Technical specifications
- Polyphony: 20 voices
- Synthesis type: 16-bit samples, 11.2 kHz–44.6 kHz
- Aftertouch expression: Yes
- Velocity expression: Yes
- Storage memory: 1 MB, expandable to 2 MB (2 MB RAM, 2 MB internal flash memory on "Turbo" units)
- Effects: 13 onboard effects

Input/output
- Keyboard: 61-note with polyphonic aftertouch
- Left-hand control: pitch-bend and modulation wheels
- External control: MIDI

= Ensoniq EPS-16 Plus =

Digital musical instrument

The Ensoniq EPS-16 Plus is a sampling keyboard produced by Ensoniq starting in 1990. It was the second generation of the EPS, one of the first truly affordable samplers on the market.
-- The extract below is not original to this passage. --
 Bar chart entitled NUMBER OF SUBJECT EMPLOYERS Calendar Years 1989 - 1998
The EPS-16 Plus uses 16-bit samples at seven sample rates ranging from 11.2 kHz to 44.6 kHz and features 13 onboard effects. The unit was available in both keyboard and rackmount versions (EPS-16R). Some versions of the EPS-16 Plus were sold as "Turbo" units, which included an extra 2 MB of internal flash memory and SCSI upgrades. These units are designated with a "T" after the model number.

The EPS-16 Plus features a mono input and stereo outputs, made useful by the unit's stereo panning and internal effects.
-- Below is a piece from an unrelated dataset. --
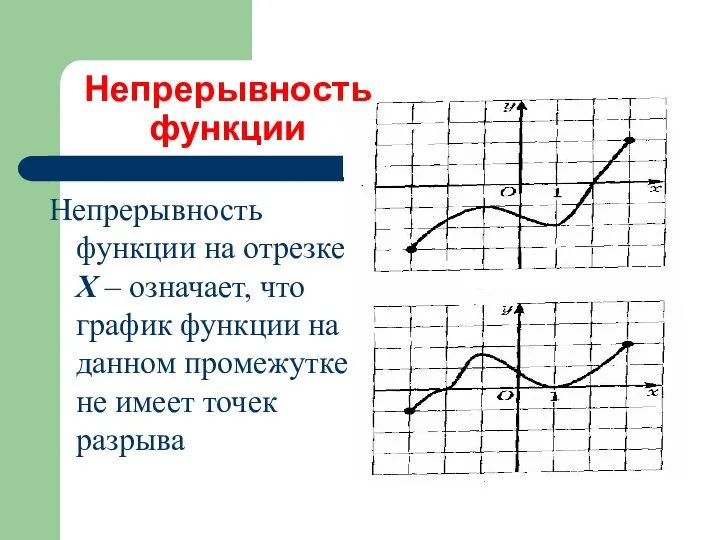 Непрерывность функции Непрерывность функции на отрезке Х – означает, что график функции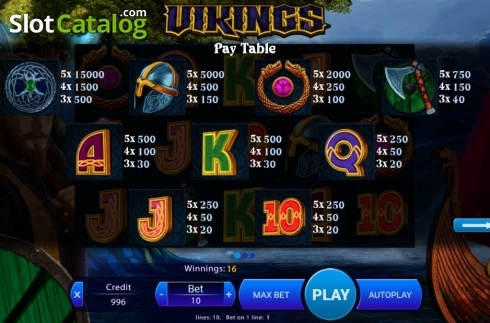 Скрин4. Vikings (Others 2) слот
It was succeeded in 1992 by the stereo-capable ASR-10.

==Notable users==
Notable users include Havoc of Mobb Deep, RZA of the Wu-Tang Clan as well as Wu-Tang affiliate True Master, Speech of Arrested Development and Christian "Flake" Lorenz of Rammstein.
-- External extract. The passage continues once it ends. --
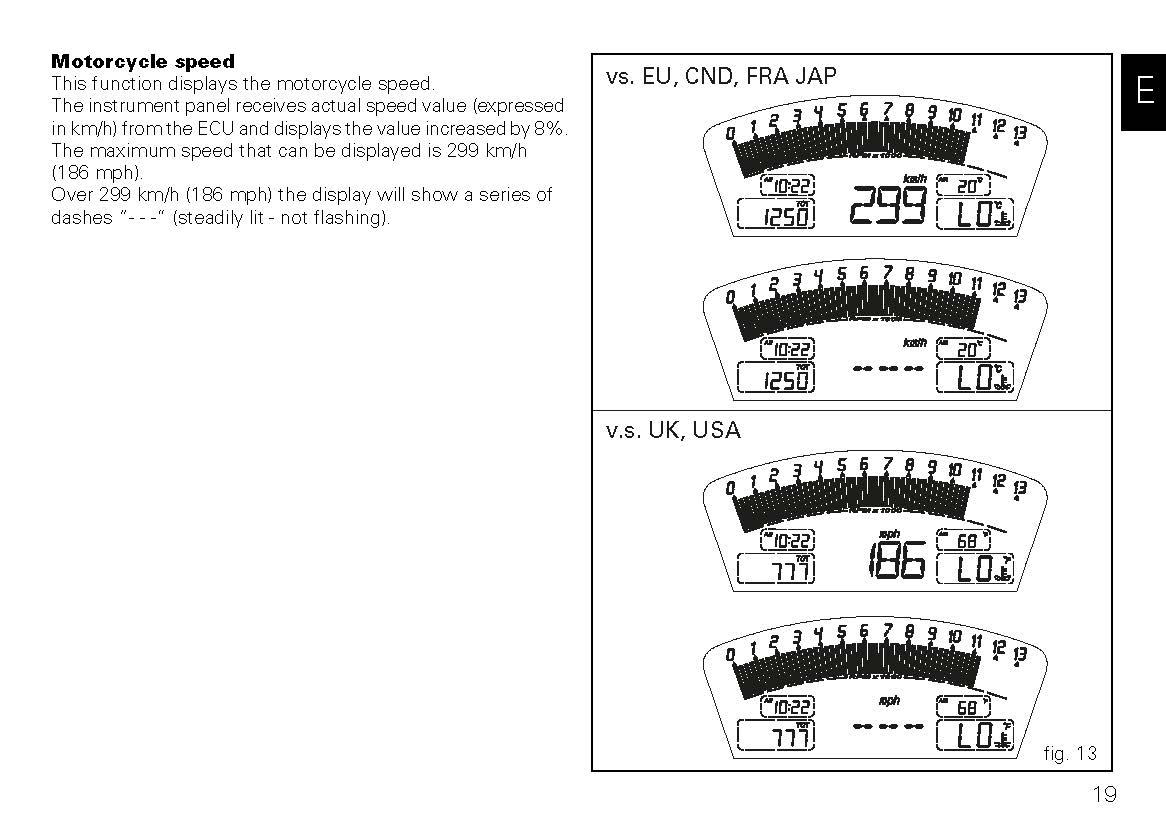 2009 Ducati Superbike Owner's Manual | English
De facto Wu-Tang Clan leader RZA produced some tracks for the group's debut album Enter the Wu-Tang (36 Chambers) on an EPS-16 Plus, including their biggest single "C.R.E.A.M.". He then sold the unit to True Master, who used it to produce "Fish" from Ghostface Killah's debut solo album Ironman as well as "Brooklyn Zoo" from Ol' Dirty Bastard's debut solo album Return to the 36 Chambers: The Dirty Version. Havoc of Mobb Deep has stated that he produced "Shook Ones, Part II" an EPS-16 Plus. (Note: The main samples were done on an EPS-16 Plus while the drums were done on an Akai MPC60.)

== Accessories ==

=== ME-16 Plus ===
This accessory increases the non-volatile RAM of the Ensoniq EPS-16 Plus to 2MB. It was available as a cartridge, for the keyboard version, and as a board, for the rack version. This would double the sample time, and the sequencer memory could now load around 320000 notes.

=== SP-1/SP-2 ===
This expansion board adds a SCSI interface to the EPS-16 Plus. This allows you to connect your Ensoniq to an external CD-Rom drive and use the Ensoniq CDR collection or other CD-Roms, to an external Hard Drive, or into an Apple Macintosh. For the keyboard version, the user needs to have the ME-16 Plus expansion installed, because it has the cutouts for the SCSI bus. It came with a standard IDE 34 pin cable, and a DB25 female connector to IDE 26 pin cable.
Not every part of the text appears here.